Voynich Reconsidered: Adriano Cappelli and the Exon Domesday

In Voynich Reconsidered (Schiffer Books, 2024), I devoted a chapter to the idea of Latin as a precursor language of the Voynich manuscript, with a particular focus on abbreviated Latin as written in the fifteenth century. I drew upon Adriano Cappelli’s Lexicon Abbreviaturarum (Ulrico Hoepli, 1929), which reproduces thousands of examples of the abbreviation symbols used in medieval documents in both Latin and Italian. I have continued to explore the hypothesis that the Voynich scribes worked with documents in abbreviated Latin.

Lexicon Abbreviaturarum
The cover of Adriano Cappelli's "Lexicon Abbreviaturarum", third edition, published by Hoepli in 1929. Image credit: Ulrico Hoepli. Inset is a portrait of Cappelli (author unknown).

In my imagining of the Voynich workplace, I feel that if the Voynich producer had instructed the scribes to work from abbreviated Latin, he or she would have told them to transcribe the abbreviations as written: not to expand them. I do not imagine the scribes as authors or content creators; and I believe that the producer’s instructions had to be sufficiently simple that the scribes could complete the project with minimal supervision.

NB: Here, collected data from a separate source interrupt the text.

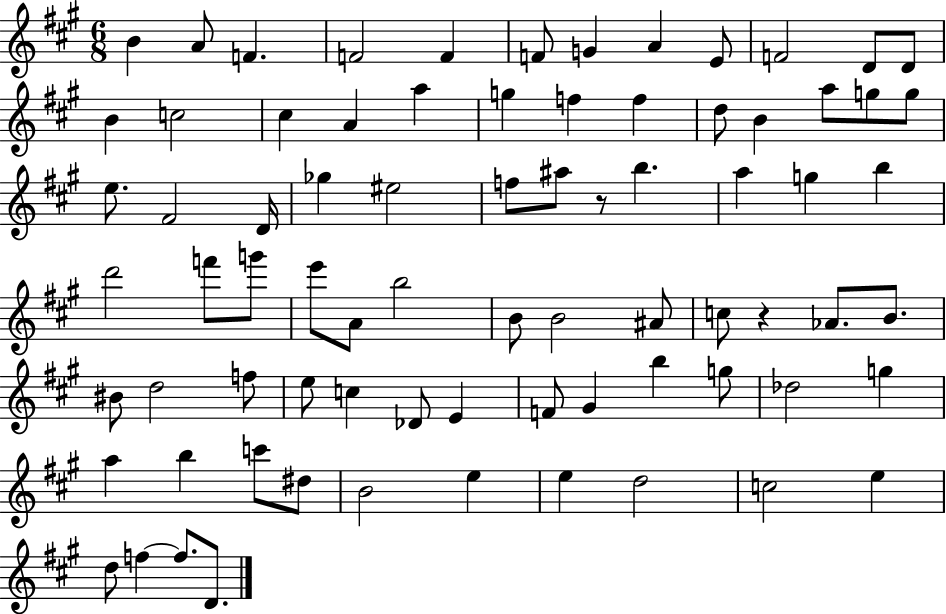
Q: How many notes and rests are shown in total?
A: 77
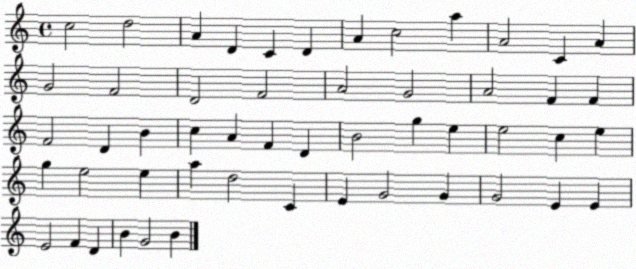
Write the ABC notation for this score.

X:1
T:Untitled
M:4/4
L:1/4
K:C
c2 d2 A D C D A c2 a A2 C A G2 F2 D2 F2 A2 G2 A2 F F F2 D B c A F D B2 g e e2 c e g e2 e a d2 C E G2 G G2 E E E2 F D B G2 B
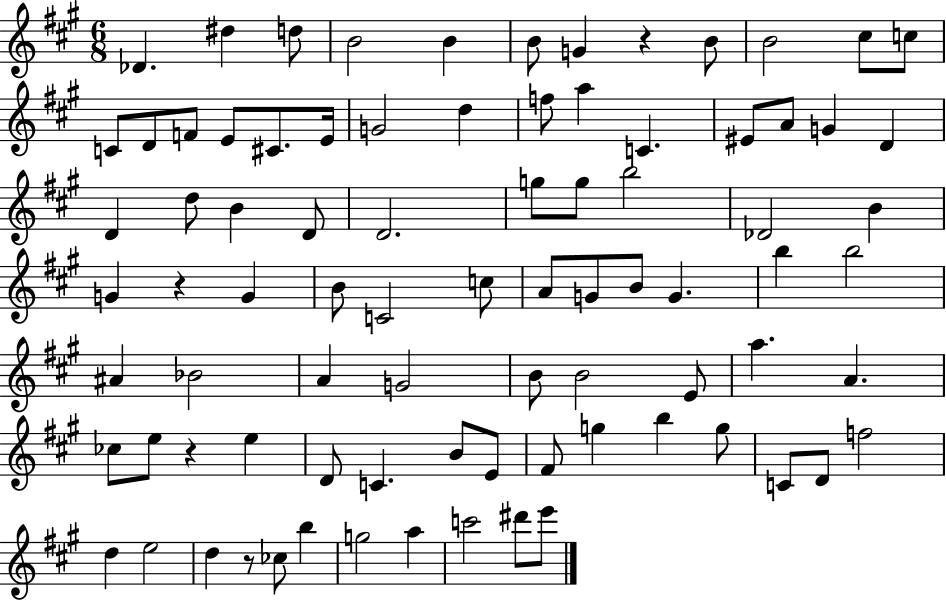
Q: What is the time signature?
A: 6/8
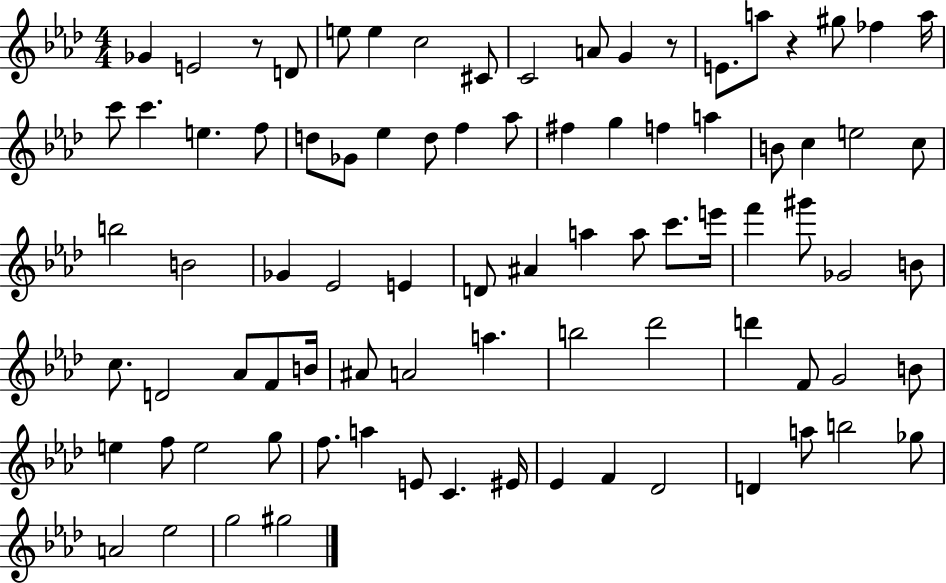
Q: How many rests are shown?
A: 3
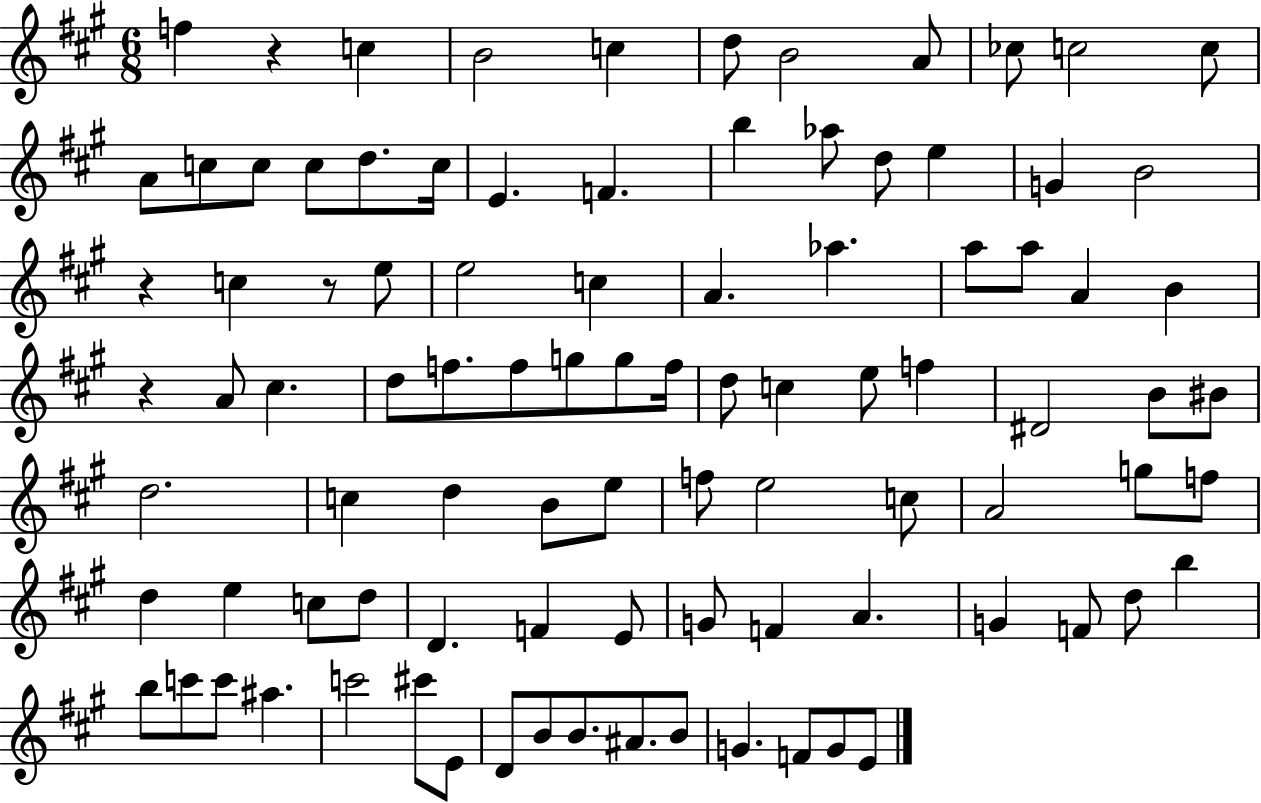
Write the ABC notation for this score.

X:1
T:Untitled
M:6/8
L:1/4
K:A
f z c B2 c d/2 B2 A/2 _c/2 c2 c/2 A/2 c/2 c/2 c/2 d/2 c/4 E F b _a/2 d/2 e G B2 z c z/2 e/2 e2 c A _a a/2 a/2 A B z A/2 ^c d/2 f/2 f/2 g/2 g/2 f/4 d/2 c e/2 f ^D2 B/2 ^B/2 d2 c d B/2 e/2 f/2 e2 c/2 A2 g/2 f/2 d e c/2 d/2 D F E/2 G/2 F A G F/2 d/2 b b/2 c'/2 c'/2 ^a c'2 ^c'/2 E/2 D/2 B/2 B/2 ^A/2 B/2 G F/2 G/2 E/2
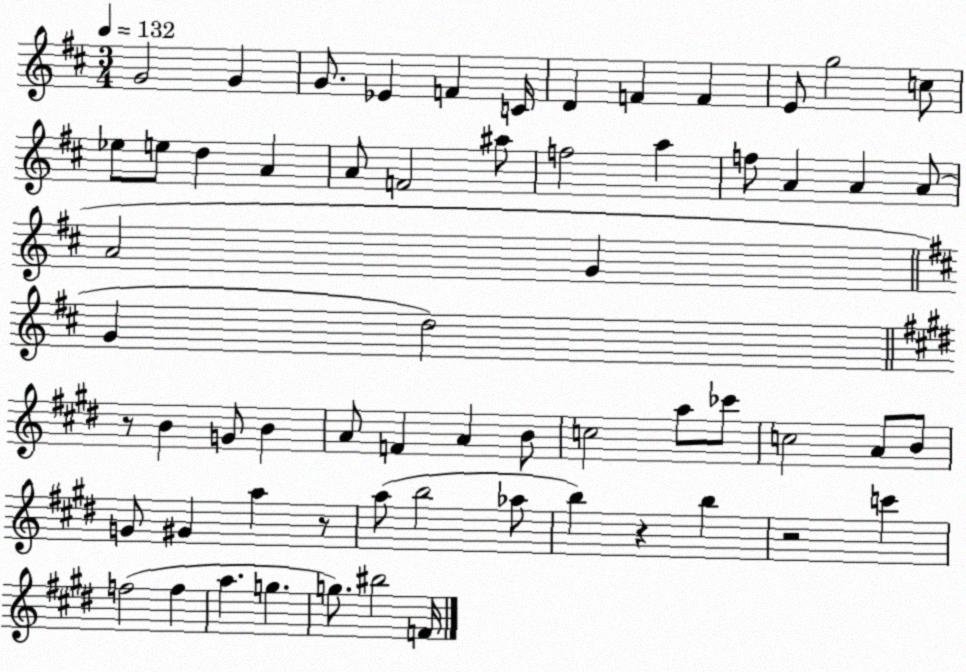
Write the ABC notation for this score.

X:1
T:Untitled
M:3/4
L:1/4
K:D
G2 G G/2 _E F C/4 D F F E/2 g2 c/2 _e/2 e/2 d A A/2 F2 ^a/2 f2 a f/2 A A A/2 A2 G G d2 z/2 B G/2 B A/2 F A B/2 c2 a/2 _c'/2 c2 A/2 B/2 G/2 ^G a z/2 a/2 b2 _a/2 b z b z2 c' f2 f a g g/2 ^b2 F/4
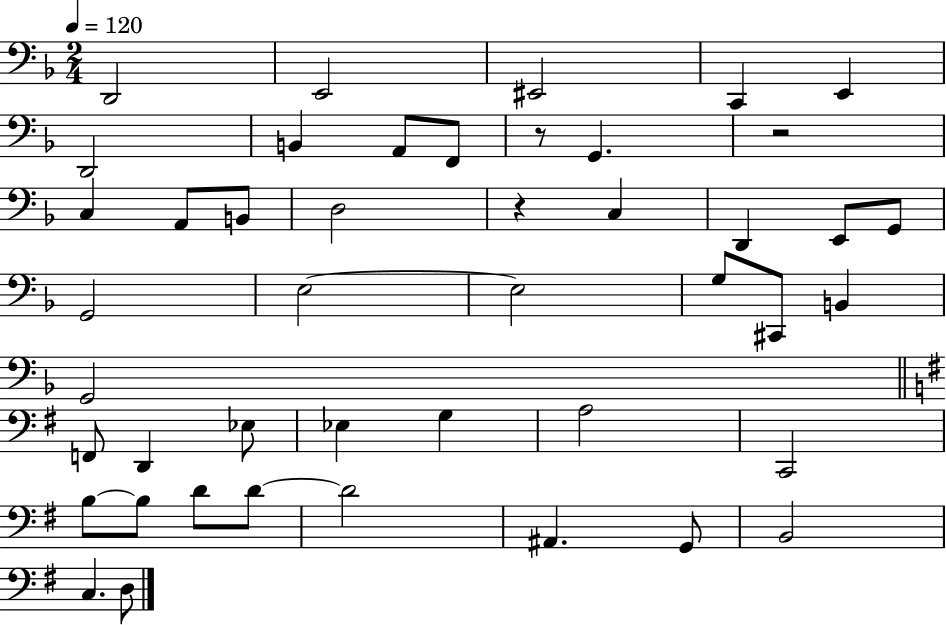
{
  \clef bass
  \numericTimeSignature
  \time 2/4
  \key f \major
  \tempo 4 = 120
  d,2 | e,2 | eis,2 | c,4 e,4 | \break d,2 | b,4 a,8 f,8 | r8 g,4. | r2 | \break c4 a,8 b,8 | d2 | r4 c4 | d,4 e,8 g,8 | \break g,2 | e2~~ | e2 | g8 cis,8 b,4 | \break g,2 | \bar "||" \break \key g \major f,8 d,4 ees8 | ees4 g4 | a2 | c,2 | \break b8~~ b8 d'8 d'8~~ | d'2 | ais,4. g,8 | b,2 | \break c4. d8 | \bar "|."
}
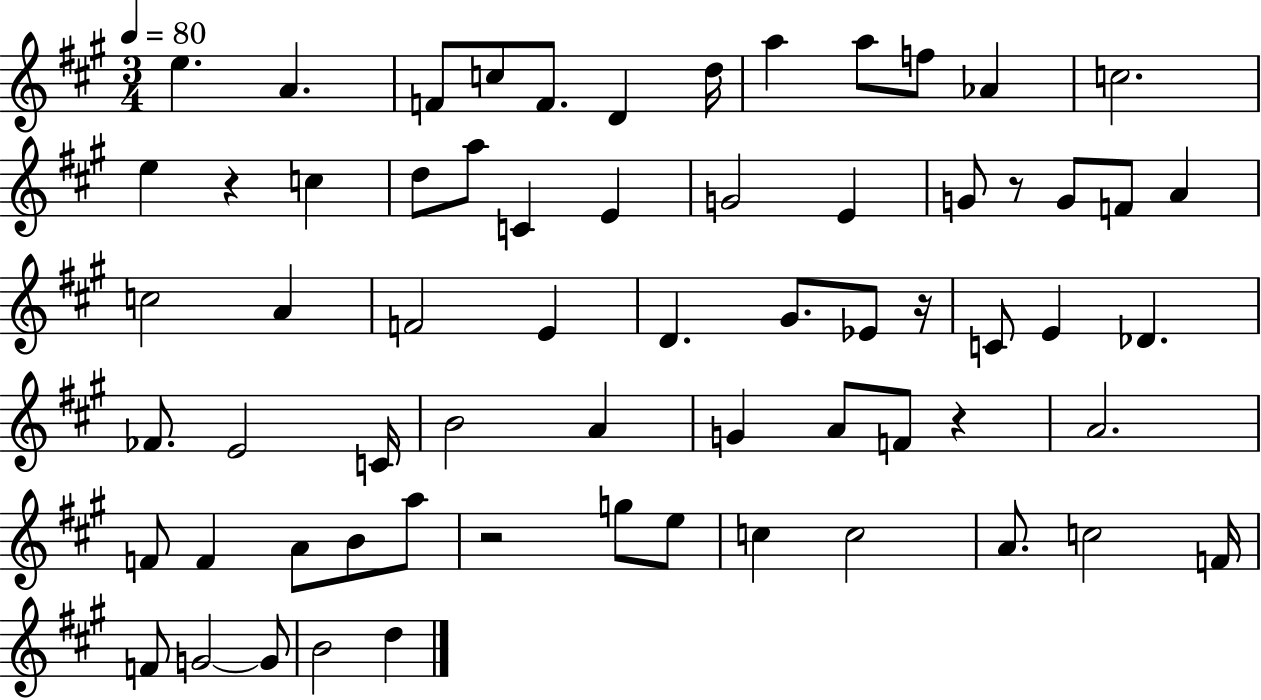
E5/q. A4/q. F4/e C5/e F4/e. D4/q D5/s A5/q A5/e F5/e Ab4/q C5/h. E5/q R/q C5/q D5/e A5/e C4/q E4/q G4/h E4/q G4/e R/e G4/e F4/e A4/q C5/h A4/q F4/h E4/q D4/q. G#4/e. Eb4/e R/s C4/e E4/q Db4/q. FES4/e. E4/h C4/s B4/h A4/q G4/q A4/e F4/e R/q A4/h. F4/e F4/q A4/e B4/e A5/e R/h G5/e E5/e C5/q C5/h A4/e. C5/h F4/s F4/e G4/h G4/e B4/h D5/q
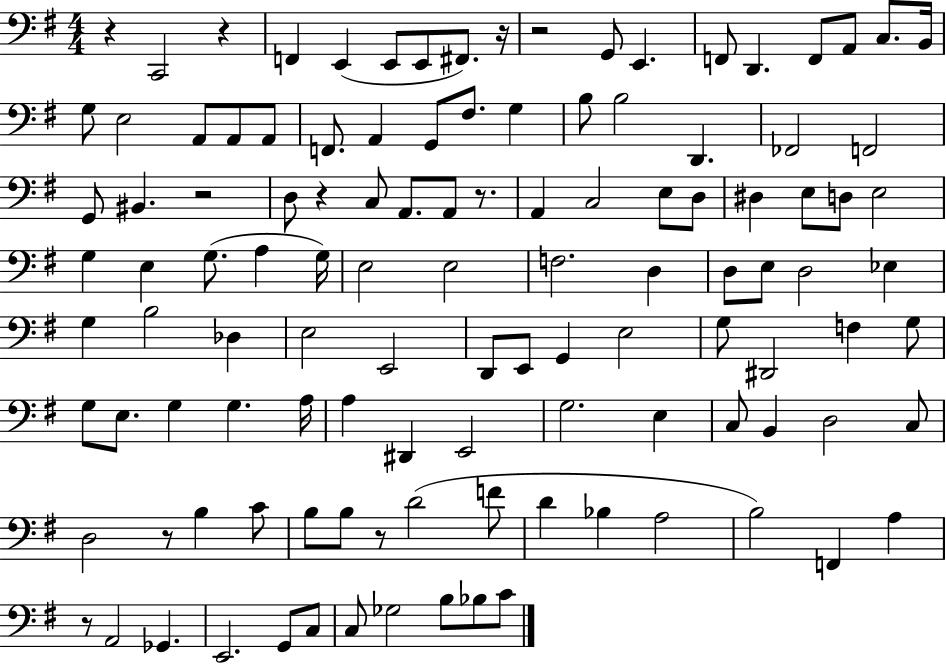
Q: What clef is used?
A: bass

These assumptions (and they are no more than that) would help explain phenomena such as the Voynich glyph {9}, which is ubiquitous as the initial or final glyph of a Voynich “word”. As Cappelli demonstrated, a symbol resembling a 9 was used pervasively in medieval manuscripts to represent a wide range of prefixes and suffixes. In fact, in Lexicon Abbreviaturarum he included an eighteen-page section titled “Abbreviature comincianti coi segni 9 o Ↄ” (“Abbreviations beginning with the signs 9 or Ↄ”).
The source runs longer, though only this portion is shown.